ANTONIO ERMÍRIO DE MORAES

Nunca o comércio internacional foi tão difícil de ser interpretado como nos dias atuais. A globalização virou sinônimo de modernidade, eficiência e progresso. Colocar-se contra ela -além de inócuo- representa ser antiquado, ineficiente e regressivo. Ninguém gosta desses rótulos.
Mas o assunto é demasiadamente sério para ser evitado. As novas tecnologias revolucionaram o modo de produzir e comercializar. Vivemos a era das vantagens comparativas. O capital migra para as nações mais atraentes, pouco se importando com as consequências sociais dessa transferência, em especial o desemprego.
O mundo desenvolvido fala em livre comércio e pratica o mais deslavado protecionismo.

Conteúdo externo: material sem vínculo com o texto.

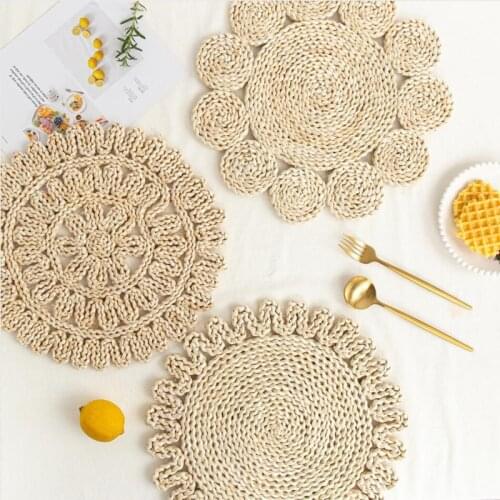 1pcs Table Mat Handmade Placemat Round Braided Mat Heat Resistant Hot Insulation Anti-Skidding Pad Kitchen Accessories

Isso está atingindo o Brasil. As nossas empresas estão sendo demandadas a competir em desigualdade de condições -pagando os juros mais altos do mundo e enfrentando custos de produção, transporte e comercialização que derrubam qualquer planejamento racional.

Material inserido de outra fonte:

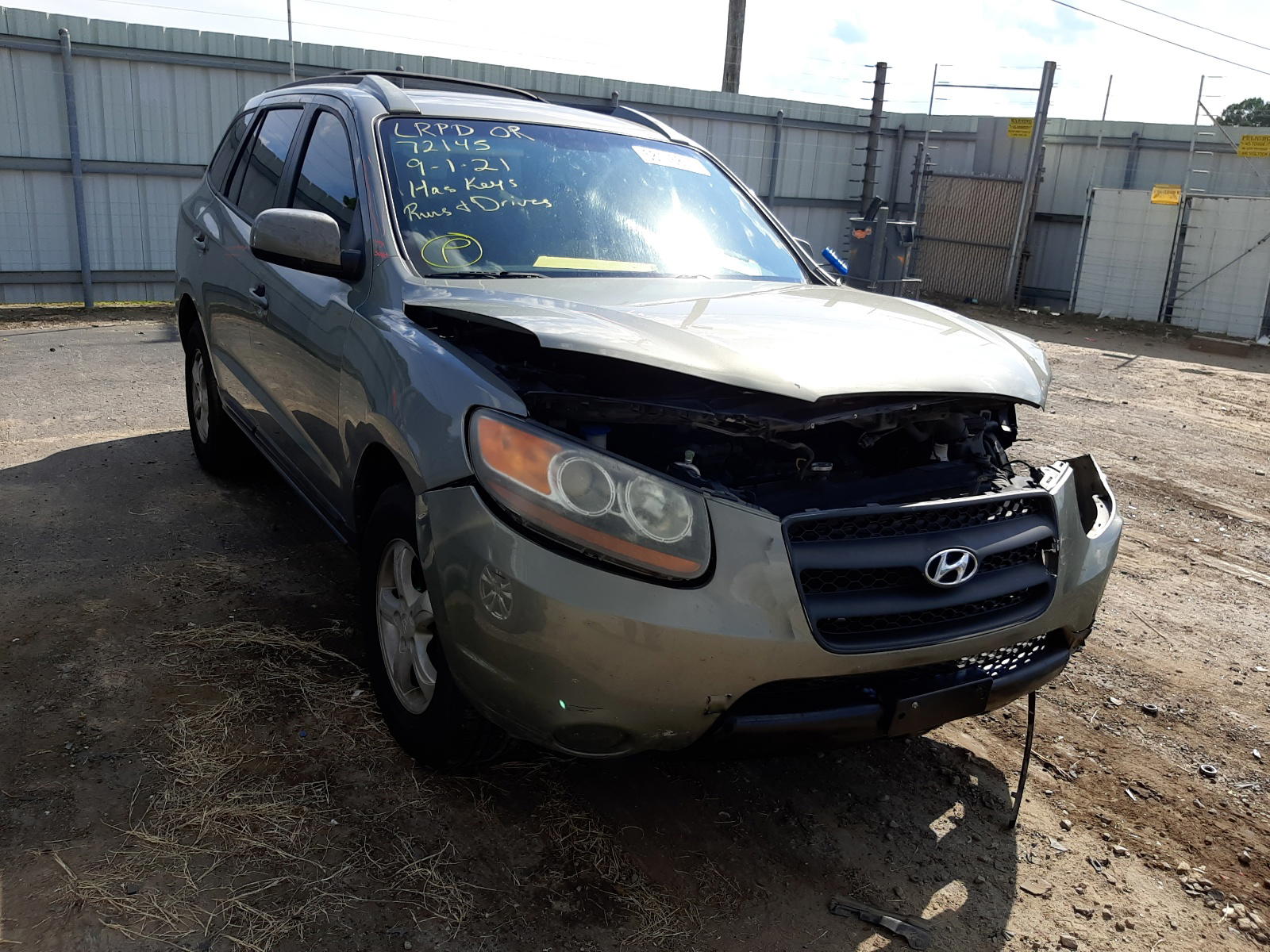 HYUNDAI SANTA FE G 2007 with VIN 5NMSG13D07H094951 - Photo from auction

Os Estados Unidos e a Europa, por exemplo, pregam o liberalismo de comércio, mas gravam os principais produtos brasileiros com elevadíssimas tarifas de importação, como é o caso do suco de laranja, soja, frango, café, açúcar, alumínio, aço, calçados e vários outros. Se o comércio desses produtos fosse realmente livre, o Brasil teria exportado, no ano passado, mais US$ 10,5 bilhões.
As autoridades brasileiras precisam deixar sua inocência de lado no trato com os países ricos e organismos internacionais, em especial a Organização Mundial de Comércio, cuja reunião anual inicia amanhã em Cingapura.
No Brasil, nada justifica querer voltar ao velho protecionismo. Mas é essencial que os produtores tenham igualdade de condições para competir. Uma abertura mal arquitetada pode destruir as empresas e os empregos. Os países ricos sabem disso. E, por isso, tomam precauções.
Não há razão tampouco para responsabilizar os produtores, embora haja exceções, como a causa da baixa competitividade internacional. Os impostos em cascata elevam os custos de modo fatal.
A taxa de juros no Brasil é 200% mais alta do que nos países desenvolvidos. Os preços públicos subiram mais de 25% em termos reais nos últimos 24 meses. Os lucros encolheram mais de 35% em relação ao patrimônio. E, apesar disso, os preços industriais caíram 26%!
É um milagre que, com todos esses obstáculos -sem falar no atraso do câmbio-, a economia brasileira exporte mais de US$ 50 bilhões por ano. Se os conhecidos constrangimentos do "custo Brasil" fossem pelo menos mitigados, o país poderia facilmente exportar US$ 100 bilhões anualmente. Isso redundaria em mais empregos e menos pobreza.
Porém até hoje a história é bem diferente. Enquanto os países do Primeiro Mundo se protegem e fortalecem em nome da globalização, os do Terceiro Mundo estremecem e empobrecem.